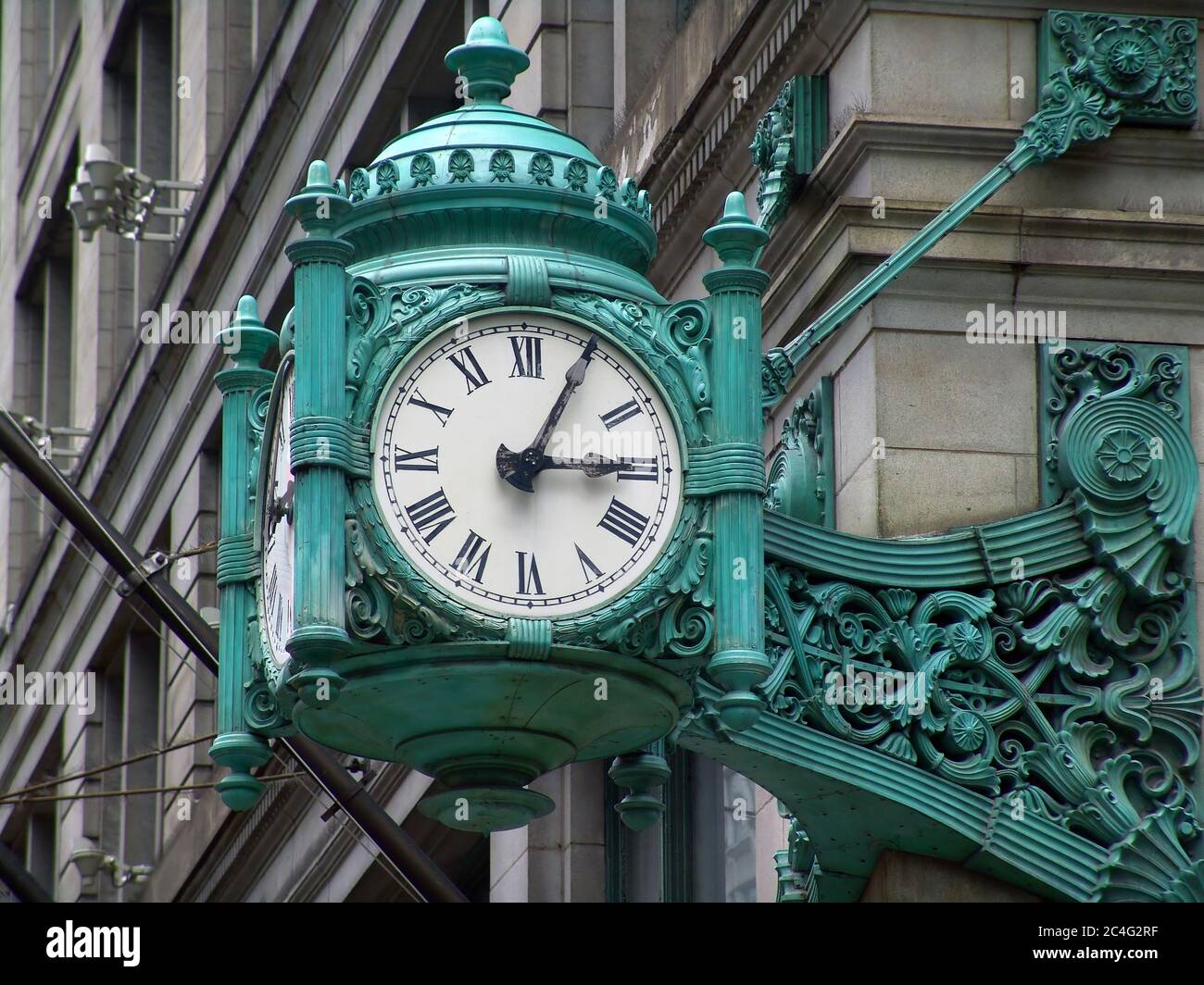 Vecchio orologio elegante all'angolo con la strada Foto Stock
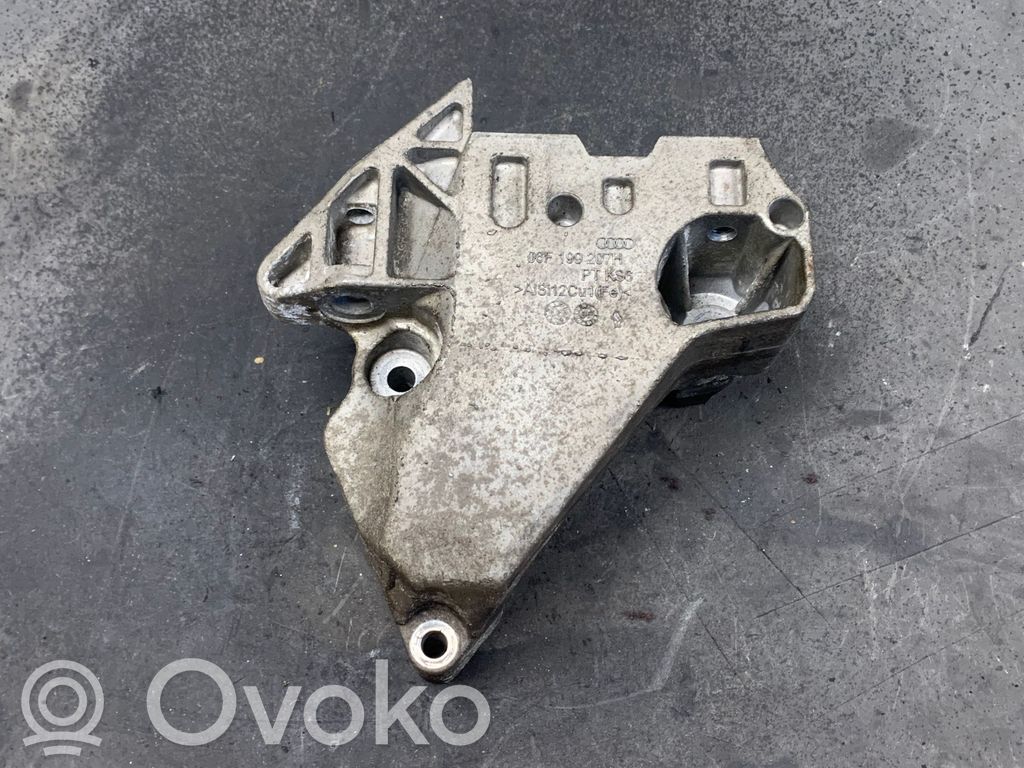Volkswagen PASSAT B6 Engine mounting bracket 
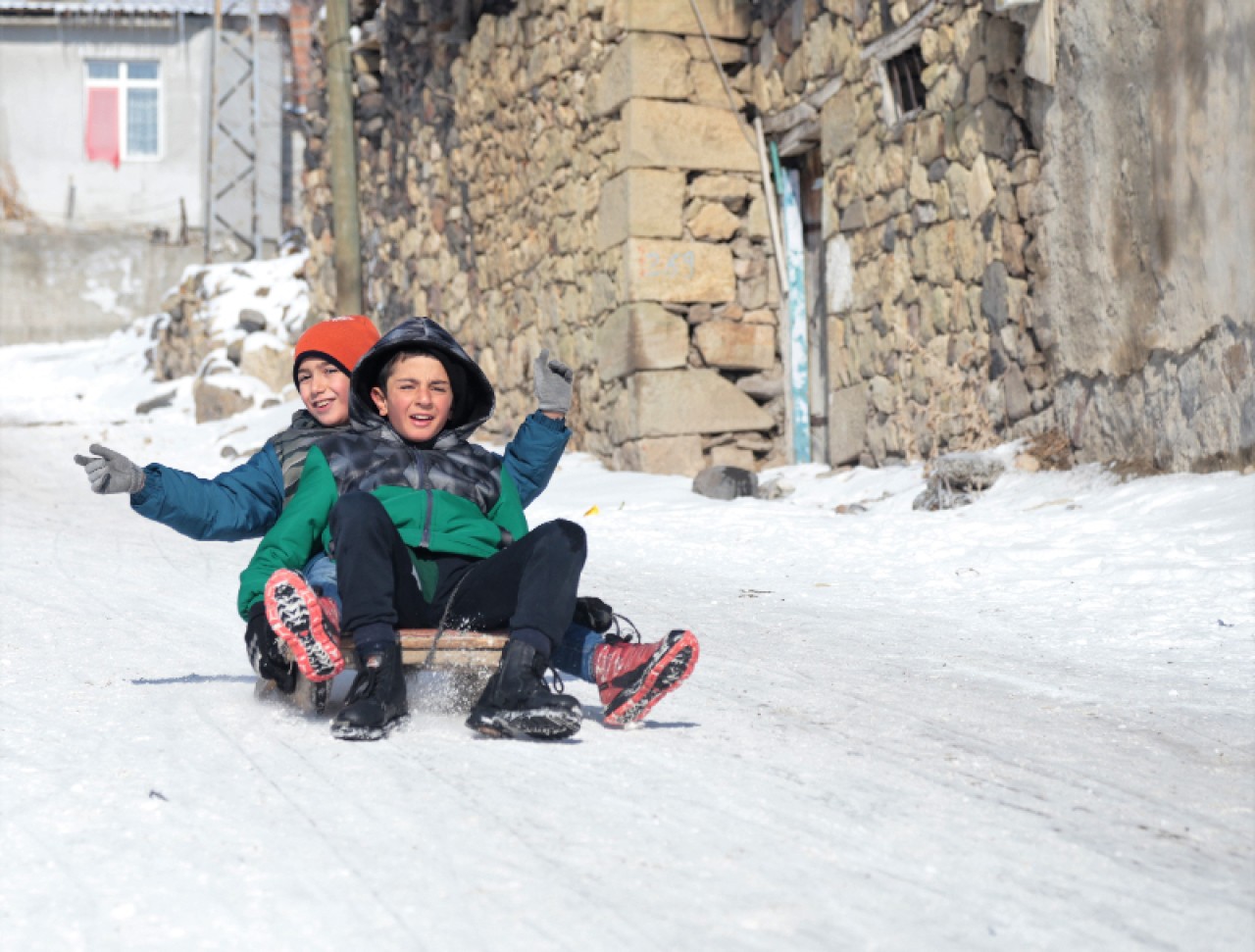 Erzurum'da soğuklar çocukların eğlencesine engel olmuyor 5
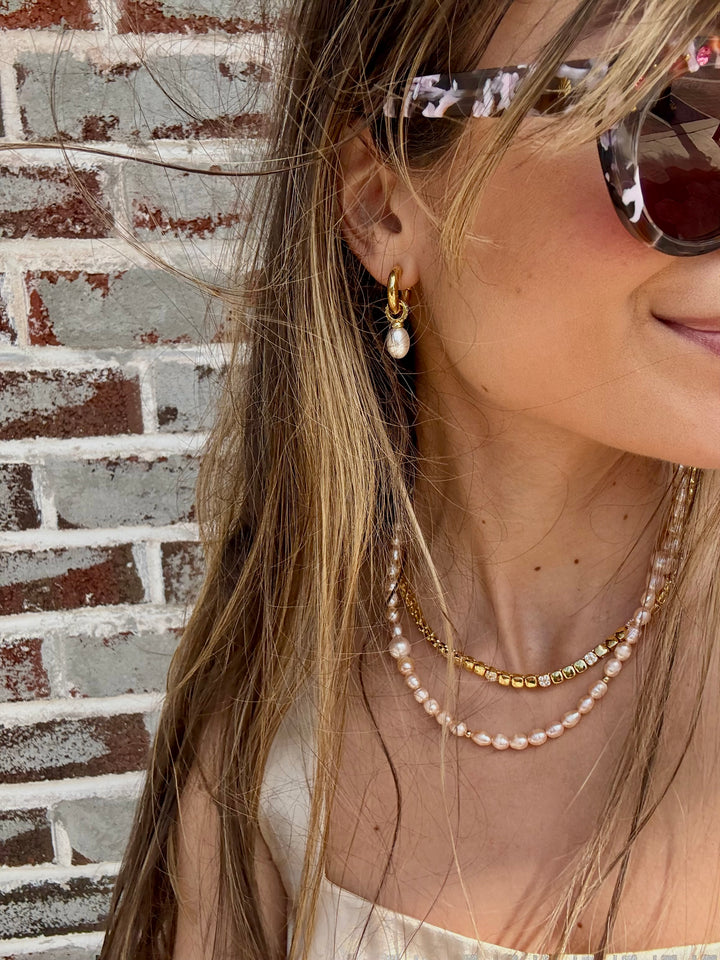 Elegant Gold sparkly tennis necklace 
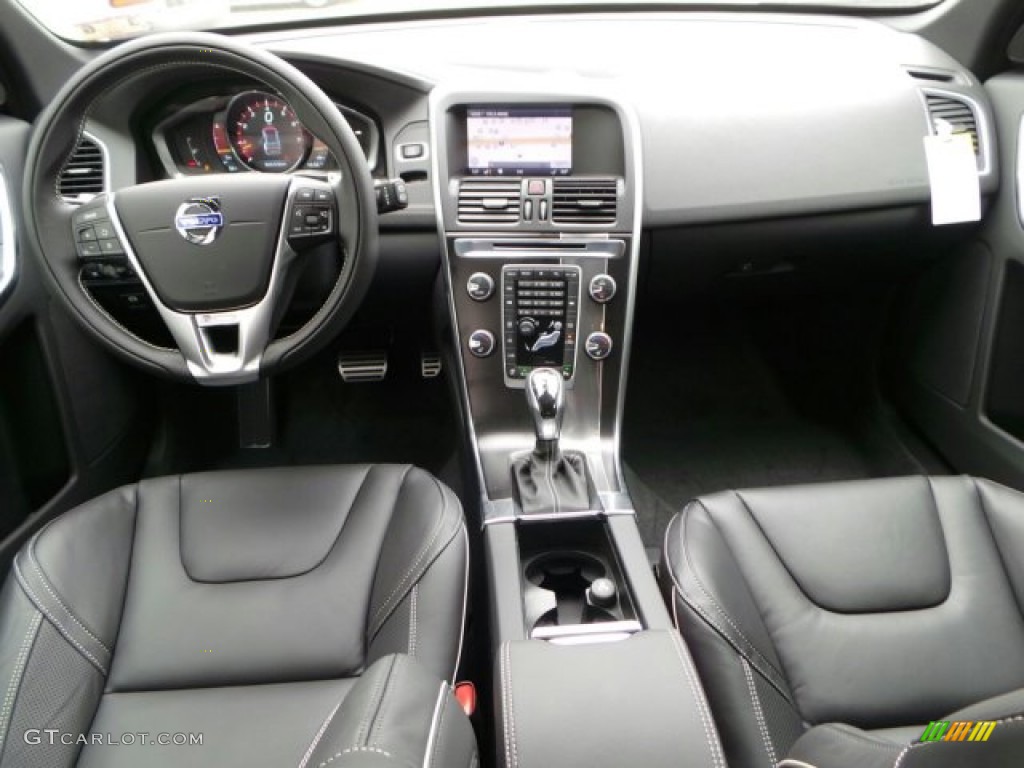 2015 Volvo XC60 T6 AWD R-Design R-Design Off Black Dashboard Photo #91876958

☆ ☆ ☆ ☆

* Exercise aim *
Return only the lines from the line containing "Erzurum'da soğuklar çocukların" through the last line of the records above, both ends included, exactly as written, leaving pictures out.

* Exercise answer *
 Erzurum'da soğuklar çocukların eğlencesine engel olmuyor 5
 Elegant Gold sparkly tennis necklace 
 2015 Volvo XC60 T6 AWD R-Design R-Design Off Black Dashboard Photo #91876958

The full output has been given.